BigInteger Log Issue on large numbers

The code below takes a BigInteger n and finds a number less than n that is also a power of 2. It works fine with small numbers but the first branch of the if statement does not work for int.MaxValue and above. Apparently subtracting 1 (BigInteger.Log(n - 1)) is not enough for larger numbers.

How can I calculate a number to subtract that is large enough to make a difference and yet work on smaller numbers too?

public BigInteger FindNearestPowerOfTwo (BigInteger n)
{
    double number = 0;
    BigInteger big = 0;

    if (n.IsPowerOfTwo)
    {
        number = BigInteger.Log(n - 1) / BigInteger.Log(2);
    }
    else
    {
        number = BigInteger.Log(n) / BigInteger.Log(2);
    }

    number = Math.Floor(number);

    big = BigInteger.Pow(2, (int) number);

    return (big);
}

Upvotes: 3

Views: 657

Answers (3)

Juan Lopes
Juan Lopes

Reputation: 10575

Or the lazy man's version:

public static BigInteger FindNearestPowerOfTwo(BigInteger number) {
    bool isPower = number.IsPowerOfTwo;
    int count = 0;
    while(!number.IsZero) {
        Console.WriteLine(number);
        number = number >> 1;
        count ++ ;
    }
    return BigInteger.Pow(2, count - (isPower ? 2: 1));
}

Upvotes: 1

Keith Randall
Keith Randall

Reputation: 23265

You can use ToByteArray to get an explicit representation, then clear all bits but the highest one.
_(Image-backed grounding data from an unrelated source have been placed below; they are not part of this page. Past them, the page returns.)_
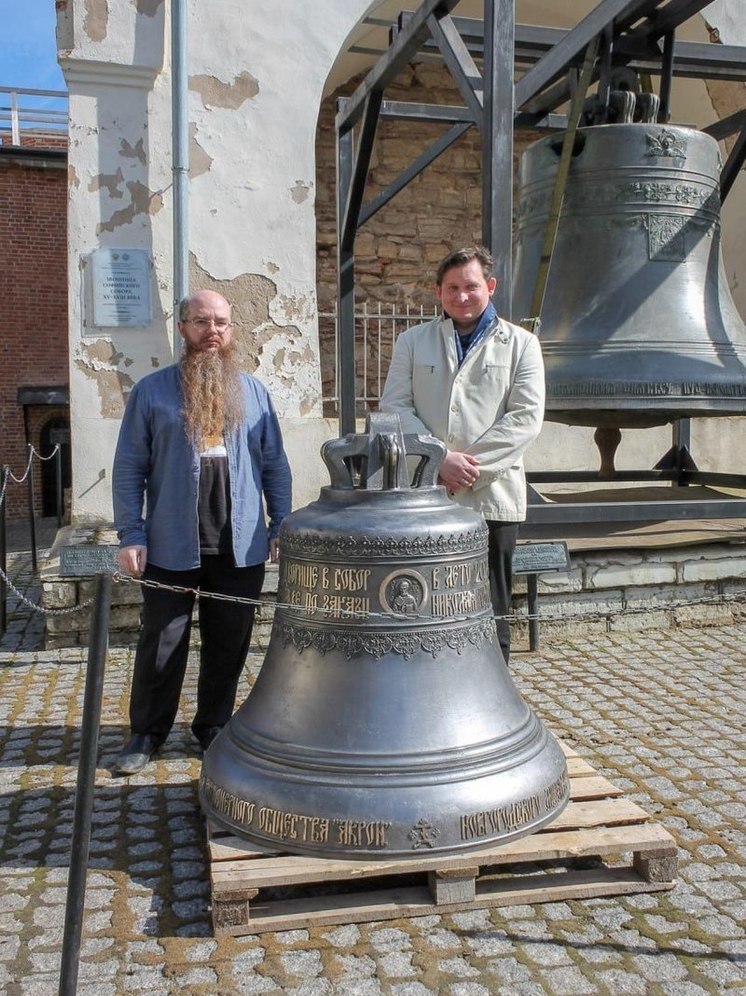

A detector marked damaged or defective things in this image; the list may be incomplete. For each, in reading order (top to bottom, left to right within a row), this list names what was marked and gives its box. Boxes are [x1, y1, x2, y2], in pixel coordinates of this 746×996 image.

peeling paint [84, 0, 109, 42]
peeling paint [134, 0, 163, 16]
peeling paint [189, 70, 258, 109]
peeling paint [119, 138, 147, 165]
peeling paint [189, 124, 212, 179]
peeling paint [89, 167, 125, 198]
peeling paint [96, 181, 163, 235]
peeling paint [290, 181, 310, 204]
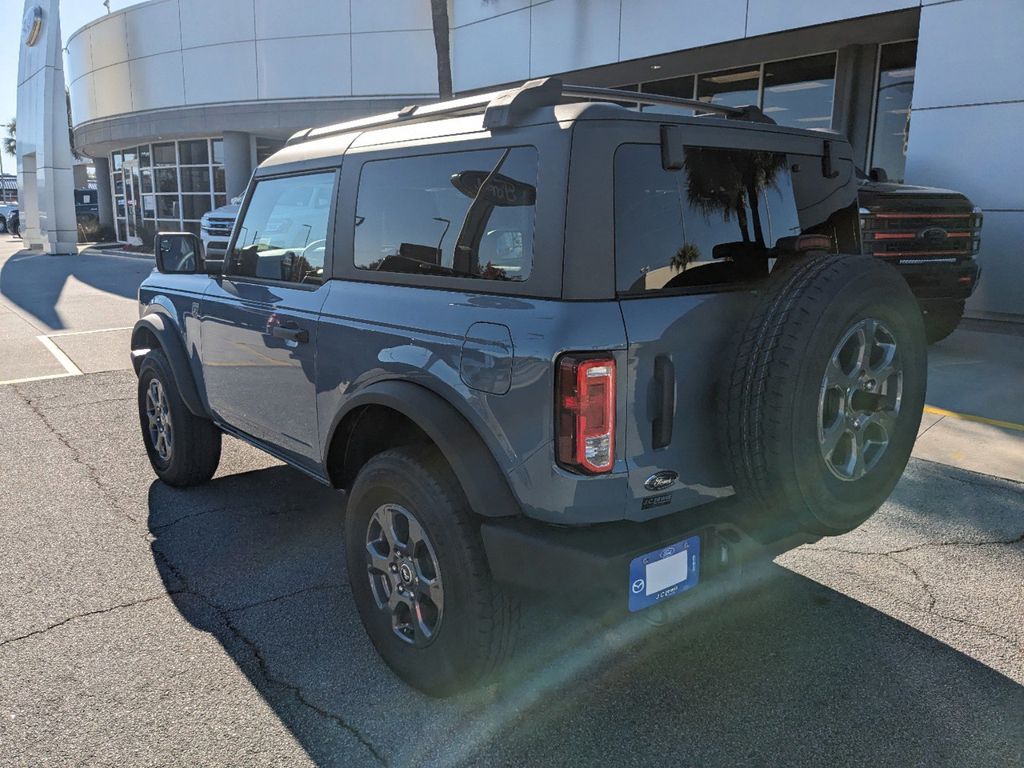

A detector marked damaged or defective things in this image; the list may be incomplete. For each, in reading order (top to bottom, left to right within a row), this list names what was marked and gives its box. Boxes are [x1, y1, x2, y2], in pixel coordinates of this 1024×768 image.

public BigInteger FindNearestPowerOfTwo (BigInteger n) {
    Byte[] a = n.ToByteArray();
    int len = a.Length;
    if (a[len - 1] == 0) len--; // leading zero to maintain sign
    for (int i = 0; i < len - 1; i++) a[i] = 0;
    int x = a[len - 1] & 255;
    int y = 1;
    while (x > 1) {
      x >>= 1;
      y <<= 1;
    }
    a[len - 1] = y;
    return new BigInteger(a);
}

Upvotes: 2

Daniel Fischer
Daniel Fischer

Reputation: 183968

In the if branch, you can subtract something from the quotient,

number = BigInteger.Log(n)/BigInteger.Log(2) - 0.9;

for example (I'd be careful with subtracting 1.0 there since BigInteger.Log(x) isn't exact, the quotient could be a little too small, then subtracting 1.0 would give you the wrong power of 2). That works also for pretty large numbers (but a double has only 53 bits of precision, so for numbers larger than 2^(2^54) that is guaranteed to fail - however, that's a lot more memory than currently available).

But easier would of course be

if (n.IsPowerOfTwo) {
    return n/2;
}

However, the else branch is problematic. If n is very close to a power of 2,

BigInteger.Log(n) / BigInteger.Log(2)

can be a little too large or too small, moving the quotient across the closest integer to the exact result. You should check that big is indeed smaller than n and if not, divide by 2.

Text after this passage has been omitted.